Un peu de vague à l'âme
Je fais mon entrée dans le hall de la gare. Nous sommes nombreux. Tout le monde s'est levé en même temps et s'engage dans ce début de matinée. Tout le monde est ici et pas ailleurs. Je me dis que je pourrais compter les êtres autour de moi. J'essaye, mais ils courent trop vite, je ne les saisis pas.

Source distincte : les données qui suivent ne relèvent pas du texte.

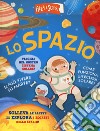 Lo spazio. Ediz. a colori libro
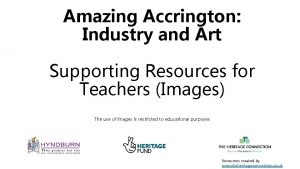 Amazing Accrington Industry and Art Supporting Resources for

J'effectue mon pélerinage habituel dans le quiosque à journaux, dans le quiosque à journaux et magazines. Les titres, les images sur les couvertures défilent sous mes yeux. Aucun de mes titres préférés n'a de nouveau numéro. Pas besoin de dépenser de l'argent. Je scrute les profils des autres consommateurs. Par des coups d'oeil furtifs, histoire de ne mettre personne dans l'embarras. Il y en a de tous les styles. Certains sont des vrais voyageurs, ils vont prendre le train tout à l'heure pour Paris ou Bruxelles. D'autres achètent leur paquet de cigarettes. Y en a-t-ils qui sont comme moi, de simples accros aux papiers à idées? Je n'en sais rien, est-ce que ça se voit sur le visage? Pourquoi aimons-nous de cette façon les pages, les phrases et les images? Qu'est-ce que ça nous apporte, si ce n'est la sensation de lire, d'apprendre à réfléchir et de mourir moins idiot? Je quitte le magasin, je m'avance en direction du parvis de la gare. Je me fais doubler par des nuées de passants, mon pas est calme et paisible. Personne ne se soucie de moi, comme je ne me soucie de personne en particulier.
Dehors, l'air est doux, les couleurs sont bien tranchées, les regards sont absents, perplexes parfois. C'est le ballet des jours ouvrables, des bus, des voitures et des gens pressés.
Je constate que le temps file, et il faut que je file avec lui. Je m'en vais occuper mon poste à l'arrêt de bus. J'aime les transports publics. Je me laisse conduire dans un flux apaisant, vers une destination connue, suivant une trajectoire balisée. Je n'ai pas de décision à prendre. La tête est libre.